Нахваставшись вволю, тесть заключал:
— Жить надо уметь, Георгий, поняли?
Как часто впоследствии снилось Визарину это тупое краснощекое лицо с рачьими глазами и слышался медленный голос, произносивший отчетливо, разделяя слога: «Ге-ор-гий…»
Вспоминалось, как, бывало, тесть поучал его:
— Георгий, нельзя разбрасываться, отдавать все людям, поверьте, люди этого не стоят…
— А что я такого отдаю людям? — спрашивал Визарин.
— Не будем спорить, — продолжал, не слушая его, тесть. — Я наблюдаю за вашей жизнью и не одобряю ее.
— Ну и не надо, — говорил Визарин. — Не одобряйте.
— Почему не надо? — возмущался тесть. — Жить надо прежде всего разумно, тогда, естественно, проживешь дольше.

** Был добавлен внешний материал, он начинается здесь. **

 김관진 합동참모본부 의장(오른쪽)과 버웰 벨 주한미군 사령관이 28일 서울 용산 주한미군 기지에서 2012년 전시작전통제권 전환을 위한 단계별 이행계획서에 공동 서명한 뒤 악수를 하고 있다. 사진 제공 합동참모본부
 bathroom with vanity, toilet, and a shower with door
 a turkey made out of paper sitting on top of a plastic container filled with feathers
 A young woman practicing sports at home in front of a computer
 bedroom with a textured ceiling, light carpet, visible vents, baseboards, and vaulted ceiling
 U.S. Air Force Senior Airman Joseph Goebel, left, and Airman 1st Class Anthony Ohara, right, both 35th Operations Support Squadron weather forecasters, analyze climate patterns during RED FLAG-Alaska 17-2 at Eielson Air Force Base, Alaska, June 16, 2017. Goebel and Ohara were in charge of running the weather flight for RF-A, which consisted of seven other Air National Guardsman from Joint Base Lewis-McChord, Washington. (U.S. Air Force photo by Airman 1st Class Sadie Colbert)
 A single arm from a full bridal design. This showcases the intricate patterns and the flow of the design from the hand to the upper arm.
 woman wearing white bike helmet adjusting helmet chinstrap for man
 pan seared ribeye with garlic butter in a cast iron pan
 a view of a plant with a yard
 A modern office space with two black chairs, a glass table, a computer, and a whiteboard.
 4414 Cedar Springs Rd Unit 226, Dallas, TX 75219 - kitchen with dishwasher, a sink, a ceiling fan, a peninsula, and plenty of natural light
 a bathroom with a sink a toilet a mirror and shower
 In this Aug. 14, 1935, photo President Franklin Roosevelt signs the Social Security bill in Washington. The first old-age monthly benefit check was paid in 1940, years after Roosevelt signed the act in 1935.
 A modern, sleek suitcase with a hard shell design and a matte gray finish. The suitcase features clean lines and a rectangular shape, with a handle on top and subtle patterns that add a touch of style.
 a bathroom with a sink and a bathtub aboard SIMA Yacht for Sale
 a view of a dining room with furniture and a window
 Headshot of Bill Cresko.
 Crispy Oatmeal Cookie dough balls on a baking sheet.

— А что вам не нравится в моей жизни? — спрашивал Визарин.
— Очень многое, например, то, что вы стараетесь всем услужить, а это дурно!
— Не услужить, а помочь, чем могу, — говорил Визарин, чувствуя, как все сильнее растет в нем неприязнь к тестю.
Но тот ничего не замечал, повторяя одно и то же:
— Жить следует разумно, не жертвовать своим временем и своими возможностями ради чужих людей, надо думать в первую очередь о собственной семье, о том, чтобы жене было хорошо и уютно…
— Разве я не думаю о семье? — устало спрашивал Визарин, но тесть только отмахивался от него, должно быть считая, что даже если зять и думает о своей семье, то наверняка решительно недостаточно.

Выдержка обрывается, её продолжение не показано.